ArtSoul – Poderia nos dizer quais artistas são suas principais influências?
Élle de Bernardini -Greer Lankton; Sarah Lucas; Joshep Beuys; Louise de Bourgeouis; Ana Mendieta; Kazuo Ohno; Pina Bausch; Annie Sprinkle; Brancusi; E a Arte Rupestre;
ArtSoul – Segundo seu verbete na Enciclopédia do Itaú Cultural, você foi “uma das poucas bailarinas transgênero a ingressar em uma turma feminina de balé da Royal Academy of Dance de Londres”, em 2011. E então passou a estudar Butô com os artistas japoneses Yoshito Ohno e Tadashi Endo. Como essa formação em especial veio a influenciar seus trabalhos e percepção do corpo?
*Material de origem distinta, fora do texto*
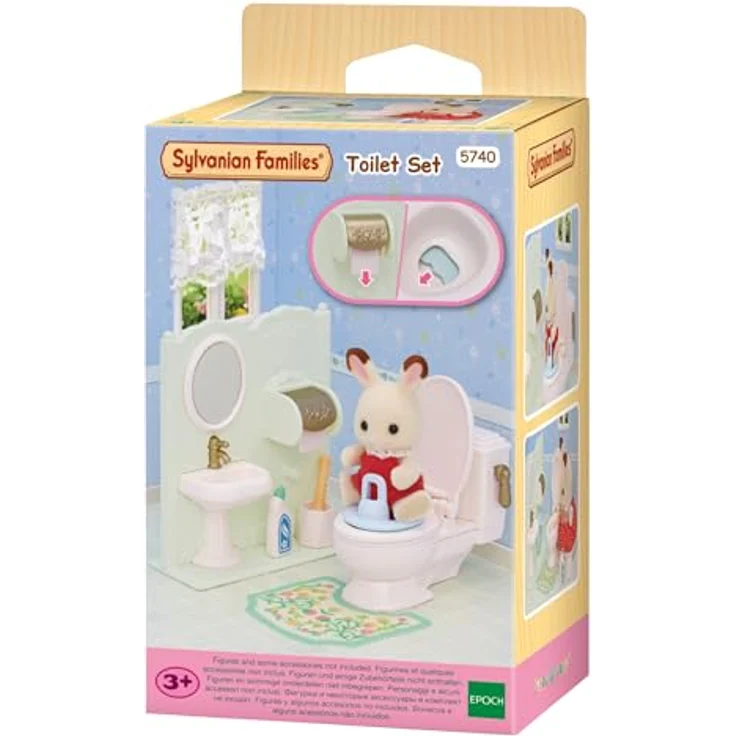 Sylvanian Families 5740 Toiletten-Set, Puppenhaus Möbel mit Toilette und Spülfunktion, inkl. Waschbecken und Babysitz – Bild 1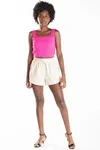 Short Dwz Linho Cos De Elastico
Élle de Bernardini – Eu estudei para ser uma bailarina clássica. Porém eu fui impedida por uma questão de gênero de tirar o meu DRT, aquele documento que os artistas do corpo e da voz precisam ter para se profissionalizar, sendo mais importante que um diploma universitário. Decepcionada com o mundo do ballet clássico e impedida de seguir meus sonhos na dança clássica, eu procurei no butoh uma forma de me expressar. Nunca me circunscrevi a um suporte especifico, a não ser o ballet clássico, todo o resto não era compreendido por mim como tendo fronteiras muito claras. Deste modo a dança, a performance, as artes visuais, a pintura, a fotografia, tudo se tornou campo de experimentação de ideias para mim. A arte para mim é uma ideia materializada, uma ideia comunicada por meio de objetos, ações, ou quaisquer outros suportes. A percepção que eu tenho do corpo advinda da minha formação em dança clássica hoje atuam em meu trabalho de modo a repensar a geografia corporal, e também como a imagem do corpo, a ideia de corpo, é tida pela sociedade e pelas instâncias da lei, da ciência, e da religião. Não se restringe simplesmente a uma questão de boa percepção corporal, e respiração e técnicas especificas, mas a ideia, o conceito de corpo humano. E como eu estive muitos anos ligada às práticas do corpo junto delas questionávamos os nossos corpos, a formação e imagem deles em cena. Esses questionamentos continuam só que agora canalizados e somados ao desejo de através das artes plásticas apresentar novas formas de viver, conviver, ser e estar no mundo. E no meu entendimento tudo isso passa pelo corpo. Até mesmo as questões políticas são diretamente sentidas no corpo, e não só no espírito/mente/racionalidade.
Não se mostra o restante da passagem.